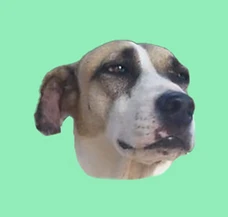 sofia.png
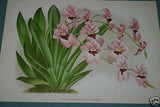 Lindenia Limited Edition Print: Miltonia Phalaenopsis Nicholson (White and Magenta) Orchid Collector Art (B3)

...

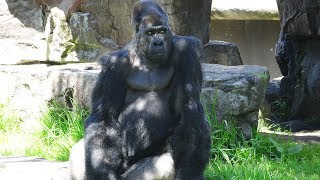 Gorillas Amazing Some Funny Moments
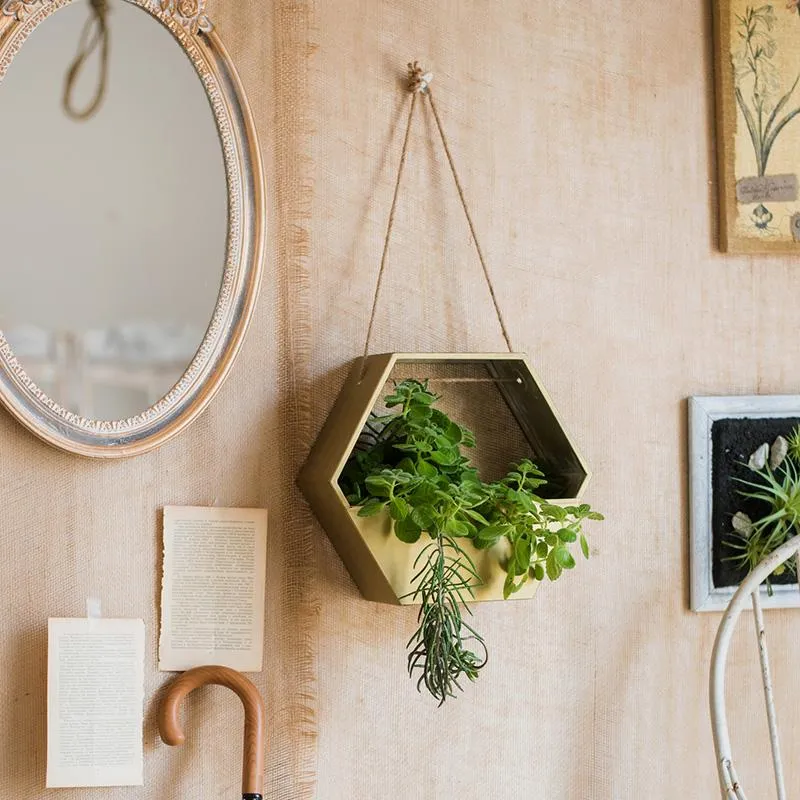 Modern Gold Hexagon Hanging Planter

* * *

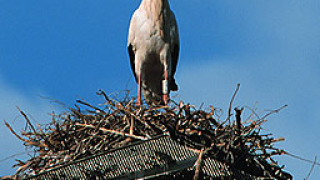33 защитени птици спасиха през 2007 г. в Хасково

# [TASK STATEMENT]
Output exactly the lines above, from the line with "Gorillas Amazing Some Funny Moments" to the line with "Modern Gold Hexagon Hanging Planter", both included; skip the pictures.

# [FINISHED TASK]
 Gorillas Amazing Some Funny Moments
 Modern Gold Hexagon Hanging Planter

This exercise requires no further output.